Captioned web image data:
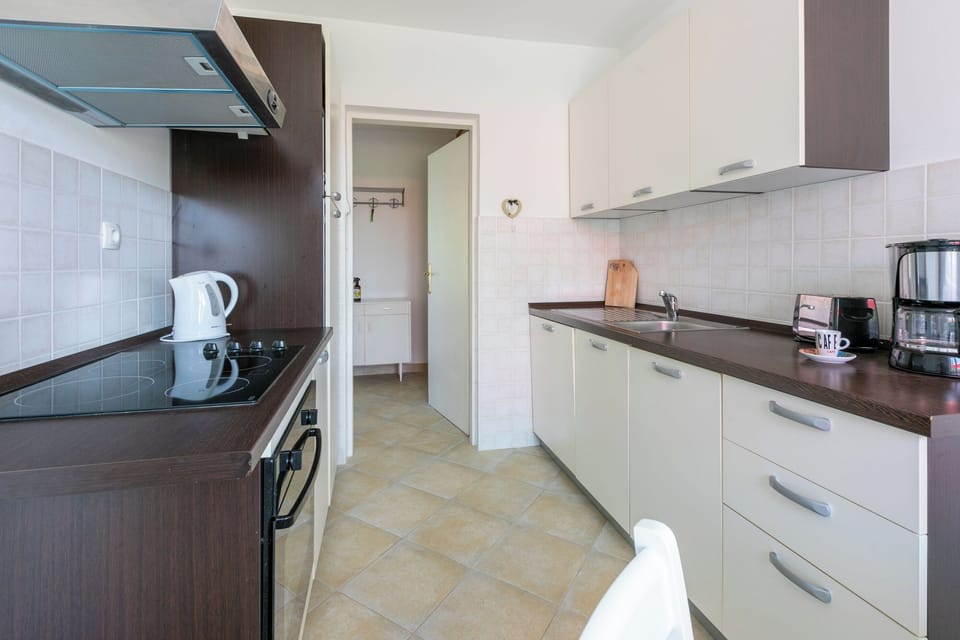 House | Private kitchen | Fridge, oven, stovetop, dishwasher
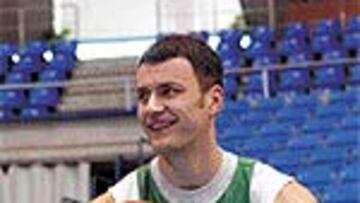 Milan Gurovic, fugado en el Tau.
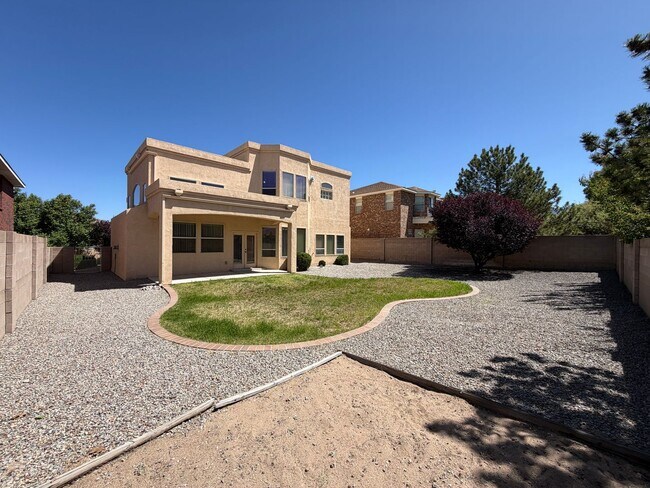 Building Photo - 4 Bedroom Home Plus Office Available Near Eubank Blvd NE & Paseo Del Norte!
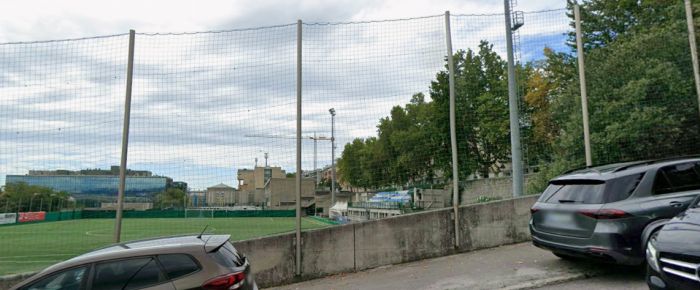 Trieste, barriera di protezione al campo di Sant’Andrea dopo tensioni e vandalismi (VIDEO)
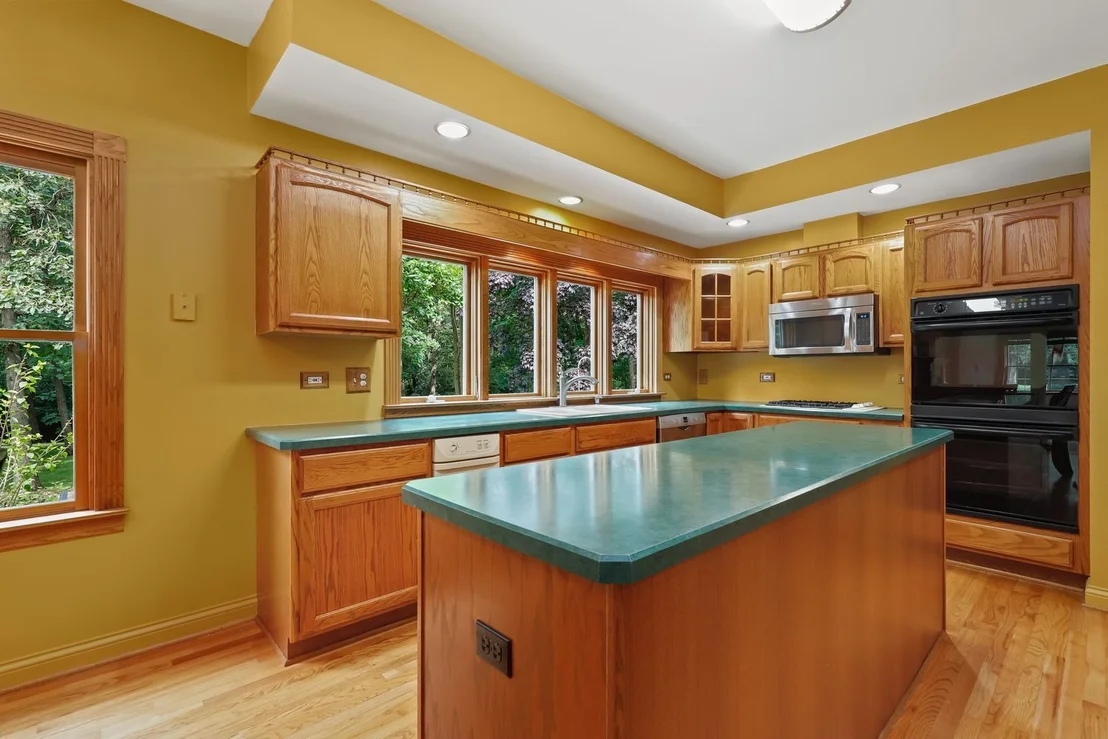 Photo of 3048 Brampton Lane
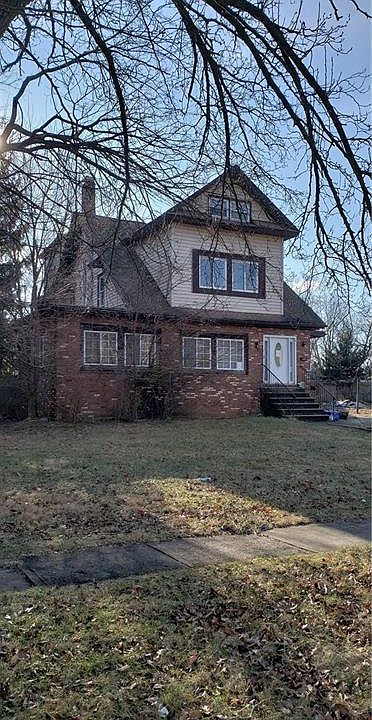 2nd image of 1035 Sherman Ave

Your objective:
Word for word, restate the lines from the one containing "Trieste, barriera di" through the end of the entries. Do not include pictures.

Result:
 Trieste, barriera di protezione al campo di Sant’Andrea dopo tensioni e vandalismi (VIDEO)
 Photo of 3048 Brampton Lane
 2nd image of 1035 Sherman Ave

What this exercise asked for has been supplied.